Start of RECORDED DATA

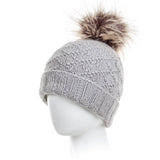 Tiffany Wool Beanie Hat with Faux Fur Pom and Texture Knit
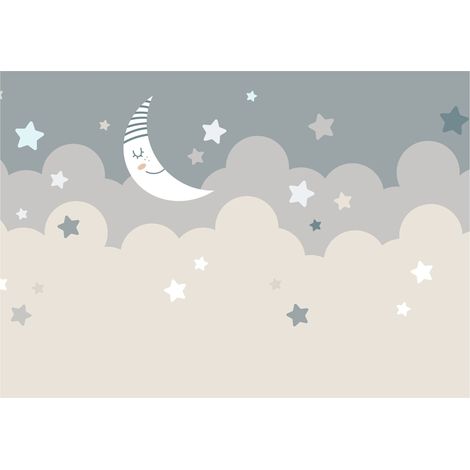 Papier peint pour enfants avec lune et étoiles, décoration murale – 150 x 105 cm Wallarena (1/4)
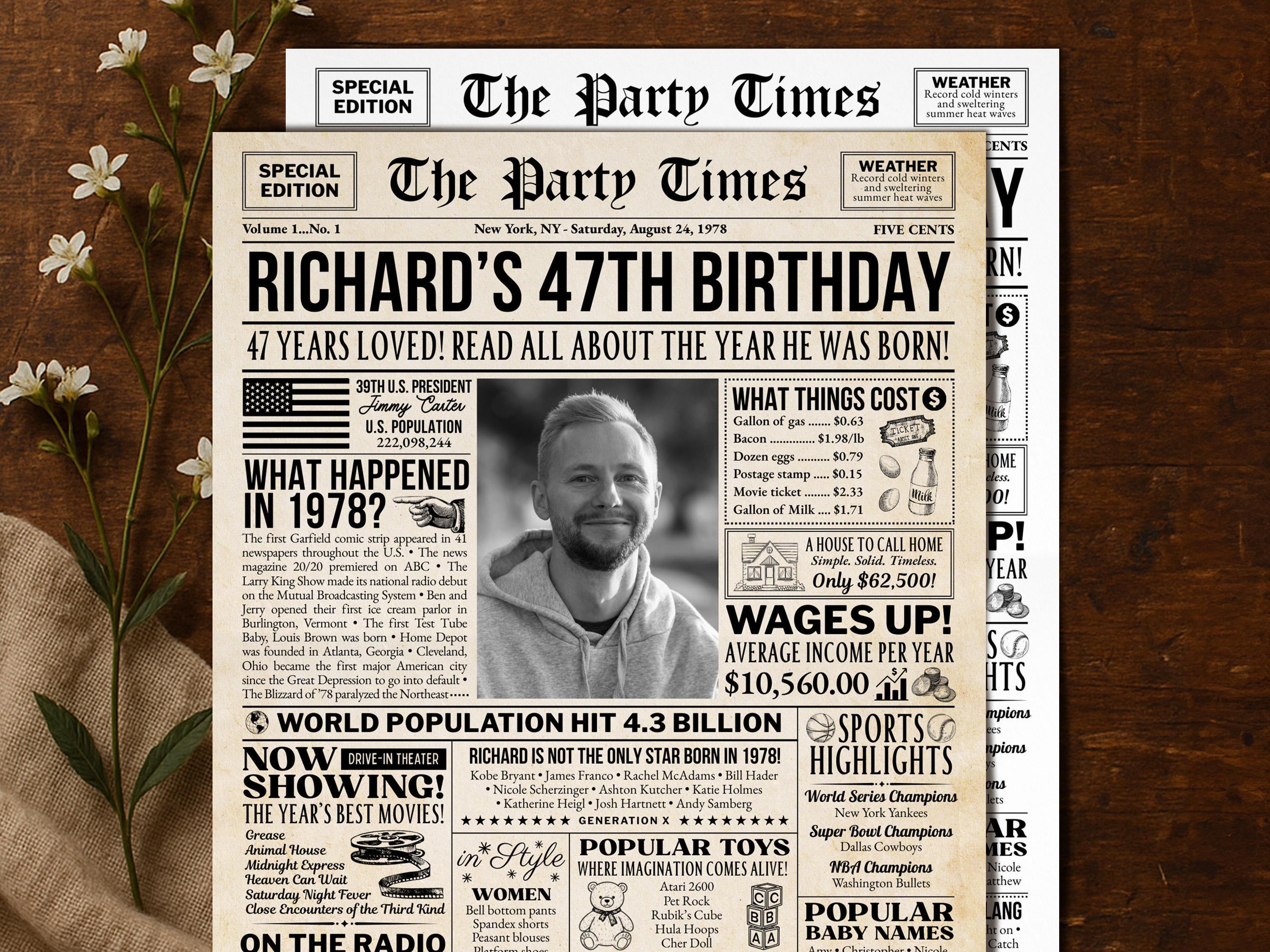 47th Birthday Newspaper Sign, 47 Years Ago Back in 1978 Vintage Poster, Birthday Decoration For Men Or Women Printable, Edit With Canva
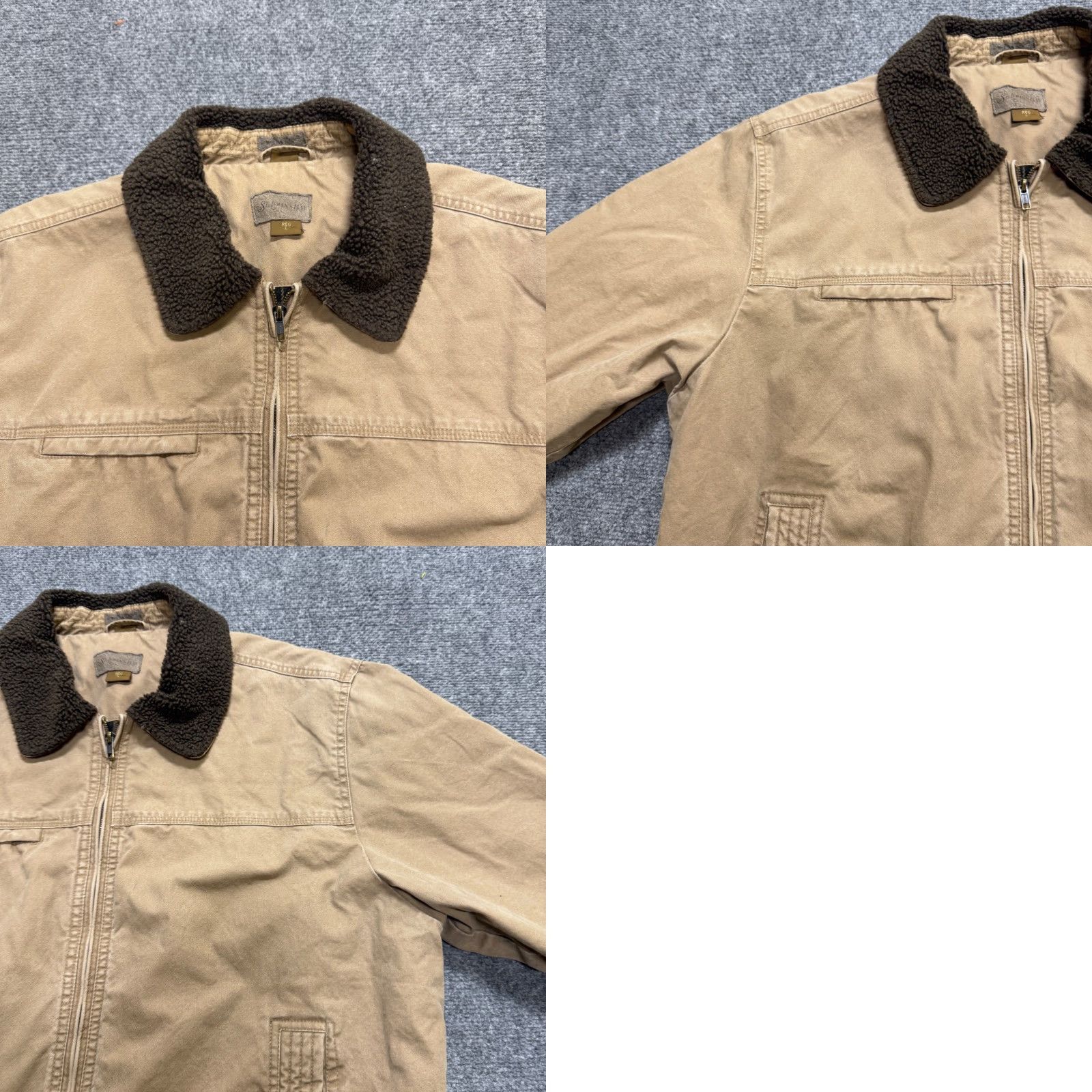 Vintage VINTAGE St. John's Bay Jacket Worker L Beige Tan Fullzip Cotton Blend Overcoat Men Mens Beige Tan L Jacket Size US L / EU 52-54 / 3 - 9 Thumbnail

End of RECORDED DATA

▶ **WORK TO BE COMPLETED**
In the material above, retype exactly the lines that run from the one containing "47th Birthday Newspaper" through the last line, and keep out the pictures.

▶ **WRITTEN RESPONSE**
 47th Birthday Newspaper Sign, 47 Years Ago Back in 1978 Vintage Poster, Birthday Decoration For Men Or Women Printable, Edit With Canva
 Vintage VINTAGE St. John's Bay Jacket Worker L Beige Tan Fullzip Cotton Blend Overcoat Men Mens Beige Tan L Jacket Size US L / EU 52-54 / 3 - 9 Thumbnail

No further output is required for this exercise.